## Your instructions
Using the records below, repeat exactly the lines from the one holding "SaahArts's profile picture. -Sarinha" through the one holding "Imagen de Cihuri mapa 26210 1", both ends included, and no others.

## Data to use
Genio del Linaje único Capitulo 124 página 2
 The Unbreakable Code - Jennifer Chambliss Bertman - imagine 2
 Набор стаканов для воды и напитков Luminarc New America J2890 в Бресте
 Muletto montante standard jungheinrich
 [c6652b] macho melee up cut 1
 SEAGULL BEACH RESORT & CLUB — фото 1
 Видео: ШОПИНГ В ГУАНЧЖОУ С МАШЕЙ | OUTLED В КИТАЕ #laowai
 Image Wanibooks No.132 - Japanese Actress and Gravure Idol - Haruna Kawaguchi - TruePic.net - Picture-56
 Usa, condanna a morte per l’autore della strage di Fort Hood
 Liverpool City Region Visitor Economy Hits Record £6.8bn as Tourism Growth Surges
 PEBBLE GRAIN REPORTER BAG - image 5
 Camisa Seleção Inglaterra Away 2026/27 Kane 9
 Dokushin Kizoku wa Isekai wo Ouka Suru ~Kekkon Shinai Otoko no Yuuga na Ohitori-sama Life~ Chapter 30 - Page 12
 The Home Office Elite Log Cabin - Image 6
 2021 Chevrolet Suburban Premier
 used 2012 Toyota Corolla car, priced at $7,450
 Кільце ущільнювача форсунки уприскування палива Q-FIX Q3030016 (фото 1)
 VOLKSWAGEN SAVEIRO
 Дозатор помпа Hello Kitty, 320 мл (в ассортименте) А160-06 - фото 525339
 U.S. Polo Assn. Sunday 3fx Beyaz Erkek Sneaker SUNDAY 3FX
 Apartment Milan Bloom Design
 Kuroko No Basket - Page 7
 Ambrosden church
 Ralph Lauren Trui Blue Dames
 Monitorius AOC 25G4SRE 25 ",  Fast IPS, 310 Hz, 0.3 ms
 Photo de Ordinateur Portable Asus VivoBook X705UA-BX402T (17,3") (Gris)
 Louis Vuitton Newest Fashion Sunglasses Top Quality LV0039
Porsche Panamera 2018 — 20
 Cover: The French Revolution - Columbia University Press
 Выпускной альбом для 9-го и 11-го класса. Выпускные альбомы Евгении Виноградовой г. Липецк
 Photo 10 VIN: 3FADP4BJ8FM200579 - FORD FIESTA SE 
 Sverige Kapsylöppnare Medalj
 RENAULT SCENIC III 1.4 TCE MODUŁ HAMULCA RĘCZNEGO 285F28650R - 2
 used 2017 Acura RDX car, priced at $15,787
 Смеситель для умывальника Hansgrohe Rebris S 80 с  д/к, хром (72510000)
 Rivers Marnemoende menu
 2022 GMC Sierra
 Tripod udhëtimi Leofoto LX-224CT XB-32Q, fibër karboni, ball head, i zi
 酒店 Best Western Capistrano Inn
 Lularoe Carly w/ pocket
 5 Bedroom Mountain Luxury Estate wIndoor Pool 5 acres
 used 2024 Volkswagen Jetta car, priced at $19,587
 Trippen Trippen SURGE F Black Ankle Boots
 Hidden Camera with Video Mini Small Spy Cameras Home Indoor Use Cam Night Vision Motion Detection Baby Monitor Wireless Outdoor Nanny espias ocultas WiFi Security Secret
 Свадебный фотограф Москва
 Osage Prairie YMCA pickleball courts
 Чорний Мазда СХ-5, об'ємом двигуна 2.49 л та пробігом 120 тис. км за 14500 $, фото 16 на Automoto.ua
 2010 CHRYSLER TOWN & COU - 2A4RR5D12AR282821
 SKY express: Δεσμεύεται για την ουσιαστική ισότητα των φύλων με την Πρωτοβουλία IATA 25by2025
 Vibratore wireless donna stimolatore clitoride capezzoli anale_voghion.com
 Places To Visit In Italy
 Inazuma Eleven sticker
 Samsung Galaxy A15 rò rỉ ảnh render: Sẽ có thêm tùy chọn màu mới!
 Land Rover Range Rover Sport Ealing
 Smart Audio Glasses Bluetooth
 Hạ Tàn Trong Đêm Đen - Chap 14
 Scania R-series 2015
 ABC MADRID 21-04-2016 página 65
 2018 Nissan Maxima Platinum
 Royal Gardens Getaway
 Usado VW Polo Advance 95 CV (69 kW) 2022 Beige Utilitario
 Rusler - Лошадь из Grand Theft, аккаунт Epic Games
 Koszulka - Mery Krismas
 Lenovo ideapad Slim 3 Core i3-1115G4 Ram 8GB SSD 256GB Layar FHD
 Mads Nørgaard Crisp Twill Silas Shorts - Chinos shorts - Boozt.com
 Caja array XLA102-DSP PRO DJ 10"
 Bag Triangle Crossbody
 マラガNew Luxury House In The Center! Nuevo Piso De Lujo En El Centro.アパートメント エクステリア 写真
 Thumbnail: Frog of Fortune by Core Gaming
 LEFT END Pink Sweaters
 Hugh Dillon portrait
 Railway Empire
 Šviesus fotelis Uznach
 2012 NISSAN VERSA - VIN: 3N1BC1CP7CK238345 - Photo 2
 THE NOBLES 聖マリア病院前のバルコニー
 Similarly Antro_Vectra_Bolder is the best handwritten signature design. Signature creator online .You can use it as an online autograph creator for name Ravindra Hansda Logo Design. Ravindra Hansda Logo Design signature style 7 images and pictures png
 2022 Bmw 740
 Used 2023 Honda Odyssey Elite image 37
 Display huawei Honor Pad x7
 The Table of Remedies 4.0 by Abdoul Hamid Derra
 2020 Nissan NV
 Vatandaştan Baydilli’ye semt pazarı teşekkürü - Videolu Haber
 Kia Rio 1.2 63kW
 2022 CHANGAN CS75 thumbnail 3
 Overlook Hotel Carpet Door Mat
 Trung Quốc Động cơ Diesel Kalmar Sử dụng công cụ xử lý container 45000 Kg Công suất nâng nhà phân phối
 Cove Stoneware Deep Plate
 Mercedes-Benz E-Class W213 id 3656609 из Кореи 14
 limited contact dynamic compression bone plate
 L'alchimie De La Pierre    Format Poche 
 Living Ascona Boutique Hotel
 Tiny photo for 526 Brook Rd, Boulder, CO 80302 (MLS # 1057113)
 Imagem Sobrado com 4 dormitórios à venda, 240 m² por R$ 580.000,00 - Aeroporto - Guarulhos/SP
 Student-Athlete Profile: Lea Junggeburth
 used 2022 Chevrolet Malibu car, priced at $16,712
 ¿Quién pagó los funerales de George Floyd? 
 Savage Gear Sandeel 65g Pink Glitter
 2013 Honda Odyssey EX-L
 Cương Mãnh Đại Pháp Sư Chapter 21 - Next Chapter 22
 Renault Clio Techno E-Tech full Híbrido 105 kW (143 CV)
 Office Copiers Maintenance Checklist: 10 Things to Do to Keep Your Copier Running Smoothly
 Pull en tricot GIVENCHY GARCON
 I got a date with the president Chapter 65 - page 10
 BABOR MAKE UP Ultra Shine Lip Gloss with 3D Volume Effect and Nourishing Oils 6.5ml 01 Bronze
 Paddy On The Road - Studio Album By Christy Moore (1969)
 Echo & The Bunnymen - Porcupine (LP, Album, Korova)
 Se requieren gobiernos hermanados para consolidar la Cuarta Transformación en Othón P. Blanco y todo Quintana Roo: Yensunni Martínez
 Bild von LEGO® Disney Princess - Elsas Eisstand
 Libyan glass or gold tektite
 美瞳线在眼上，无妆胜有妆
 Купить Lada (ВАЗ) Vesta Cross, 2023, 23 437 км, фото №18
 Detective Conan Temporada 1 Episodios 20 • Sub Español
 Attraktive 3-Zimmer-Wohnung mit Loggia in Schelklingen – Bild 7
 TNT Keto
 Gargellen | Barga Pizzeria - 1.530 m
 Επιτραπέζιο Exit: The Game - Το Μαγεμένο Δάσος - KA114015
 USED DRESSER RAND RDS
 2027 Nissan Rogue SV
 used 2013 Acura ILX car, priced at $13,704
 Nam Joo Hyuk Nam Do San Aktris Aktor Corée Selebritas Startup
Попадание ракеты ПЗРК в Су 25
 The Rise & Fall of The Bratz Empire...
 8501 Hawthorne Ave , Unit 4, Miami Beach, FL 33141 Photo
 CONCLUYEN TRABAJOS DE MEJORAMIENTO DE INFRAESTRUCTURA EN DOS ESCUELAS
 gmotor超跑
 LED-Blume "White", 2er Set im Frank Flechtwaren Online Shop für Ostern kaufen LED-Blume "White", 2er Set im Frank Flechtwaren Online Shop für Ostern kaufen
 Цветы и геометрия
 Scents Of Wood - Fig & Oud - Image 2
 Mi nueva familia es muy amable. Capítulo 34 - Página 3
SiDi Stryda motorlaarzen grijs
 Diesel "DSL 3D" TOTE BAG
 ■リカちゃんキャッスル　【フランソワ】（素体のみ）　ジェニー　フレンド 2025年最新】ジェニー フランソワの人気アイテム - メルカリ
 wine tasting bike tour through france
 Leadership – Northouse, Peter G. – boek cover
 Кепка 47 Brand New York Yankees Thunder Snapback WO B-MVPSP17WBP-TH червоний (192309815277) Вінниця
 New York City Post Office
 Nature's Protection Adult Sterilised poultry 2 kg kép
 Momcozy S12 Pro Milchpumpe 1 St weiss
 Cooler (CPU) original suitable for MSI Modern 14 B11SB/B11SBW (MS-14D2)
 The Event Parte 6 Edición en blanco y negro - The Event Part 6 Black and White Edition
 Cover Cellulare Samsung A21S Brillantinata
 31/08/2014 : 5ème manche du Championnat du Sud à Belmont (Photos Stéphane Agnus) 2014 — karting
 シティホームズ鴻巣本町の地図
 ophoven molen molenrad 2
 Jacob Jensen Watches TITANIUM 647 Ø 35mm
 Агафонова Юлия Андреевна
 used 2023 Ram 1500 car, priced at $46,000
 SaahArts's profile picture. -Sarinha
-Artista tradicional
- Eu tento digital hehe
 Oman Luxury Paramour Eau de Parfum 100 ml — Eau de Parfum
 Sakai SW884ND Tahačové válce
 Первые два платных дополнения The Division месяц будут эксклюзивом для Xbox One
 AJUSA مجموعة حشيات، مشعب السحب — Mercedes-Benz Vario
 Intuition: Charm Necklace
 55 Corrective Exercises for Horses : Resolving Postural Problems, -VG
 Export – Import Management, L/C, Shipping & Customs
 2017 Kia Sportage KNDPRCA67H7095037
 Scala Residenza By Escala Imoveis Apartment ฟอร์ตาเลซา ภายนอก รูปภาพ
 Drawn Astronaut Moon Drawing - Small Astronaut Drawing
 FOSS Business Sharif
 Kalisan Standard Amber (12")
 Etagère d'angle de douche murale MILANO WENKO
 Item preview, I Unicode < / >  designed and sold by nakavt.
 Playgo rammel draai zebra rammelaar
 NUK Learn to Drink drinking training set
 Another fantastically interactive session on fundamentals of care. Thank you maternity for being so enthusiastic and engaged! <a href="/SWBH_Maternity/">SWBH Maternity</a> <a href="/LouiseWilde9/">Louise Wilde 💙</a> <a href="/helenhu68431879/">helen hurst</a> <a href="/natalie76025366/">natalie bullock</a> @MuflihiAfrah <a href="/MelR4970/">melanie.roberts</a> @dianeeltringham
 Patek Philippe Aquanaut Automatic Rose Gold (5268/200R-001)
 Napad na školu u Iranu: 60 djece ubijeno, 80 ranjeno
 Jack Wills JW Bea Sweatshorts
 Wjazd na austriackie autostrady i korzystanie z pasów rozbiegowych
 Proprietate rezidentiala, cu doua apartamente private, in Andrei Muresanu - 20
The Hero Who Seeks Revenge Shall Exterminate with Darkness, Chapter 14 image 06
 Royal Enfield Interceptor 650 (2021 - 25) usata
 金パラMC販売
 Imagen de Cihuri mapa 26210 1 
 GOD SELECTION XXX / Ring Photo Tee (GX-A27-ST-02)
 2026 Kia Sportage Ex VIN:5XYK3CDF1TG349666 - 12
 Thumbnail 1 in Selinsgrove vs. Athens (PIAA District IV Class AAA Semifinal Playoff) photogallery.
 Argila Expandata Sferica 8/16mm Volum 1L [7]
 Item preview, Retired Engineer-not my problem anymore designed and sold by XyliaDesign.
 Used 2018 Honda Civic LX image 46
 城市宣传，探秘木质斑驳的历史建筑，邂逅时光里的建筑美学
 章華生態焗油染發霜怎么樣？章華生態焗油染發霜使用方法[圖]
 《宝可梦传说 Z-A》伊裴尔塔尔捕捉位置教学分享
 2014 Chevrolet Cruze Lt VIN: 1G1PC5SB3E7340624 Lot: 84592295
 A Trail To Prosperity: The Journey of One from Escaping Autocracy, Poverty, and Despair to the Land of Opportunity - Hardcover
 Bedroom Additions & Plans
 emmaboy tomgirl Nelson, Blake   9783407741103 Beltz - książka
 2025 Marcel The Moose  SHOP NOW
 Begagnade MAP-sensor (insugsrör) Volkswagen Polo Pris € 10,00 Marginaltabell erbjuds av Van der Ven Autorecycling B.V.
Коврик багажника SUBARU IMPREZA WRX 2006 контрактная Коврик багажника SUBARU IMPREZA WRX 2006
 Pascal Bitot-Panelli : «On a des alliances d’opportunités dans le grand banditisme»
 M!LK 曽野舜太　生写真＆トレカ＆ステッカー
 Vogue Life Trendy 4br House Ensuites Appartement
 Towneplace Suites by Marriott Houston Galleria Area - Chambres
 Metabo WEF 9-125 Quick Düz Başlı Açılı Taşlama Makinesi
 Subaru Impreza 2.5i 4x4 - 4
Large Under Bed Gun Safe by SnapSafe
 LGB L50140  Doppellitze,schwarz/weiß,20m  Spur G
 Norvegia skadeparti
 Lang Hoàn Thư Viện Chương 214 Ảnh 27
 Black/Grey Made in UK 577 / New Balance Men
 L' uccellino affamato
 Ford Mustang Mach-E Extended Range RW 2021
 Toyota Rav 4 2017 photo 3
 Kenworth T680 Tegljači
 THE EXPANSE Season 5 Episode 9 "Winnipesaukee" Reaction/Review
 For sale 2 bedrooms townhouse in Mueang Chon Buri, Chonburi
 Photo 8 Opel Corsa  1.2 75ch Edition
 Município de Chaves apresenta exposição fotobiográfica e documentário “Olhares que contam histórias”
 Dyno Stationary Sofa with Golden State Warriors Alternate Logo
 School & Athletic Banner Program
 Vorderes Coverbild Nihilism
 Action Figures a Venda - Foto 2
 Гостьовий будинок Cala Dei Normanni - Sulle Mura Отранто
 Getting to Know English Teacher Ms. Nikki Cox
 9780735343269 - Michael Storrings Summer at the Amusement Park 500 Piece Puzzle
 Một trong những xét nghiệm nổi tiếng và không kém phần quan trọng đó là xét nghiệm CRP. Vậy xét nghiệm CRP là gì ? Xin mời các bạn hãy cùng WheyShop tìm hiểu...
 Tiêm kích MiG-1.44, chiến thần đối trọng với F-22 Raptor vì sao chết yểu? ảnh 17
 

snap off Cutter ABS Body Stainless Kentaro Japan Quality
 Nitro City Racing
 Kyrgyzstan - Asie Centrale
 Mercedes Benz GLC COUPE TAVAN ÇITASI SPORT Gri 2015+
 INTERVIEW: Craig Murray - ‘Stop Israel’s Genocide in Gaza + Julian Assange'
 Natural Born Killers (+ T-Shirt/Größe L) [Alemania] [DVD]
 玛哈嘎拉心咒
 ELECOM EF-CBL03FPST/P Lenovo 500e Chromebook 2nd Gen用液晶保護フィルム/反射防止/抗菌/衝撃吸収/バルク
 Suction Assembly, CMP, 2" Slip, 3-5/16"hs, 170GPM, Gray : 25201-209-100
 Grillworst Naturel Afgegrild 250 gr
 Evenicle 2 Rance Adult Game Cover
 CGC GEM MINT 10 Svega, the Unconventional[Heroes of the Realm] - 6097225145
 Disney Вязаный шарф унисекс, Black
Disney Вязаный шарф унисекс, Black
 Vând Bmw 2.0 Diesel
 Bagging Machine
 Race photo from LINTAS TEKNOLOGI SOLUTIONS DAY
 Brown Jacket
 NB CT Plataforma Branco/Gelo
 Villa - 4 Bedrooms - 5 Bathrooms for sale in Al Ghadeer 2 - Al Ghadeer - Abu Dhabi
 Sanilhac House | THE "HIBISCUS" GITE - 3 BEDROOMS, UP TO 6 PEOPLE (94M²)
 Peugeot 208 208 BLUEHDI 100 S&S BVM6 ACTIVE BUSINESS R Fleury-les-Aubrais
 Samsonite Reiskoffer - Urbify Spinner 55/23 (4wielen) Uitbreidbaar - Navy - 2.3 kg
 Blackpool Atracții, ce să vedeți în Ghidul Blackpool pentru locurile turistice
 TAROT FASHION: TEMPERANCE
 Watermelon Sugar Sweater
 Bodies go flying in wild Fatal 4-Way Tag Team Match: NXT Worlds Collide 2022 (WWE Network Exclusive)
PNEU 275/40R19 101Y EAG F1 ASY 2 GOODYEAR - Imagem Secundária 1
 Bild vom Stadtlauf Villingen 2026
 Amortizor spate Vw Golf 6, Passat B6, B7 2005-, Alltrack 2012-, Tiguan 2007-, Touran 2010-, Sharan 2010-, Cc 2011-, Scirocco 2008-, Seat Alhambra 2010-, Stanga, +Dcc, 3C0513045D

## Solution to this task
 SaahArts's profile picture. -Sarinha
-Artista tradicional
- Eu tento digital hehe
 Oman Luxury Paramour Eau de Parfum 100 ml — Eau de Parfum
 Sakai SW884ND Tahačové válce
 Первые два платных дополнения The Division месяц будут эксклюзивом для Xbox One
 AJUSA مجموعة حشيات، مشعب السحب — Mercedes-Benz Vario
 Intuition: Charm Necklace
 55 Corrective Exercises for Horses : Resolving Postural Problems, -VG
 Export – Import Management, L/C, Shipping & Customs
 2017 Kia Sportage KNDPRCA67H7095037
 Scala Residenza By Escala Imoveis Apartment ฟอร์ตาเลซา ภายนอก รูปภาพ
 Drawn Astronaut Moon Drawing - Small Astronaut Drawing
 FOSS Business Sharif
 Kalisan Standard Amber (12")
 Etagère d'angle de douche murale MILANO WENKO
 Item preview, I Unicode < / >  designed and sold by nakavt.
 Playgo rammel draai zebra rammelaar
 NUK Learn to Drink drinking training set
 Another fantastically interactive session on fundamentals of care. Thank you maternity for being so enthusiastic and engaged! <a href="/SWBH_Maternity/">SWBH Maternity</a> <a href="/LouiseWilde9/">Louise Wilde 💙</a> <a href="/helenhu68431879/">helen hurst</a> <a href="/natalie76025366/">natalie bullock</a> @MuflihiAfrah <a href="/MelR4970/">melanie.roberts</a> @dianeeltringham
 Patek Philippe Aquanaut Automatic Rose Gold (5268/200R-001)
 Napad na školu u Iranu: 60 djece ubijeno, 80 ranjeno
 Jack Wills JW Bea Sweatshorts
 Wjazd na austriackie autostrady i korzystanie z pasów rozbiegowych
 Proprietate rezidentiala, cu doua apartamente private, in Andrei Muresanu - 20
The Hero Who Seeks Revenge Shall Exterminate with Darkness, Chapter 14 image 06
 Royal Enfield Interceptor 650 (2021 - 25) usata
 金パラMC販売
 Imagen de Cihuri mapa 26210 1 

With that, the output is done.